L'inspection du travail intervient régulièrement dans cette entreprise mais la loi du silence, imposée aux salariés par le règlement intérieur, complique la tâche de ceux qui enquêtent. J'ai aussi été avertie que l'intégralité des données personnelles des salariés serait transmises au siège de Seattle.

Monsieur le ministre, nous vous demandons de lancer une enquête globale sur les pratiques d'Amazon envers ses salariés, en y associant la CNIL, au vu de l'automatisation poussée de l'organisation. (Applaudissements sur les bancs du groupe écologiste et sur plusieurs bancs du groupe SRC.)

M. le président. La parole est à M. le ministre du travail, de l'emploi, de la formation professionnelle et du dialogue social.

M. Michel Sapin, ministre du travail, de l'emploi, de la formation professionnelle et du dialogue social. Madame la députée, chacun connaît bien cette entreprise Amazon qui a installé quatre grandes bases logistiques couvrant une grande partie de notre pays…

M. Marc Le Fur. En Saône-et-Loire !

M. Michel Sapin, ministre. …dans le Loiret, en Saône-et-Loire, dans la Drôme et tout récemment dans le Nord, avec la création de 2 500 emplois de plus d'ici 2015.

Cette entreprise est bien connue de mes services en raison d'une organisation du travail interne qui mérite effectivement d'être suivie très attentivement. Mes services et ceux de l'inspection du travail – qui agissent de manière indépendante – sont intervenus plusieurs fois dans différents établissements du groupe.

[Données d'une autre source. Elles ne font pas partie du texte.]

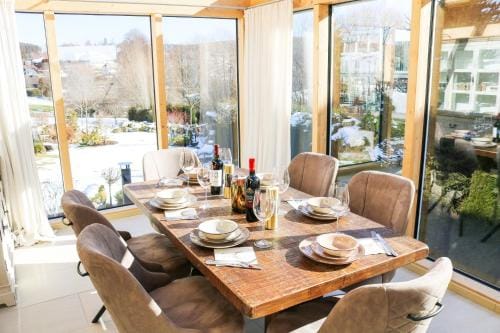 Wolfsgrund Villa und/oder Apartment - Luxus in Seenahe mit tollem Garten Hotel in Schluchsee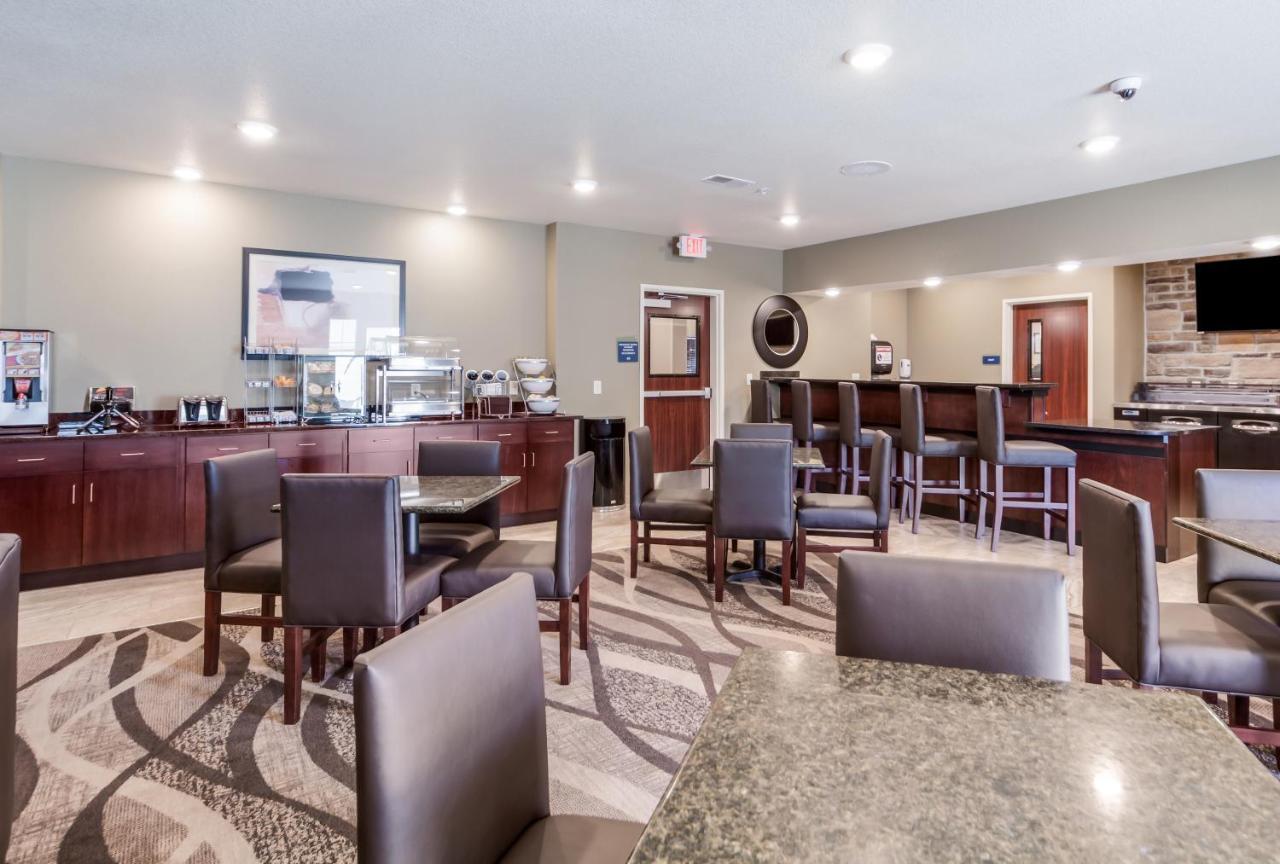 Cobblestone Inn & Suites-Fremont Exteriér fotografie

D'abord il s'agissait de vérifier les conditions de recours au travail temporaire, un type de contrat très utilisé par l'entreprise dont l'activité fortement saisonnière augmente notamment au moment des fêtes. Mes services ont été très attentifs au respect de la loi en la matière.

Ensuite, il s'agissait de veiller aux conditions de sécurité liées à l'utilisation de certains équipements.

Enfin, les conditions de travail que vous avez décrites nécessitent une surveillance médicale des salariés, tout particulièrement de ceux qui travaillent de nuit, compte tenu de l'organisation du travail. J'ai demandé à mes services, dans le cadre de leur mission, d'être particulièrement attentifs sur l'ensemble du territoire au respect de la loi.

Je leur ai aussi demandé – et cela me semble particulièrement important – d'être les artisans d'un dialogue social au sein de l'entreprise. Sans dialogue social, sans capacité d'expression reconnue aux uns et aux autres – à la direction mais aussi aux salariés – aucune amélioration du climat social n'est possible.

Le respect de la loi d'un côté, c'est la mission de l'inspection du travail ; le dialogue social de l'autre, c'est le travail de mes services. Ainsi, cette entreprise pourra effectivement créer des emplois sans pour autant porter atteinte aux conditions de travail. (Applaudissements sur les bancs du groupe écologiste.)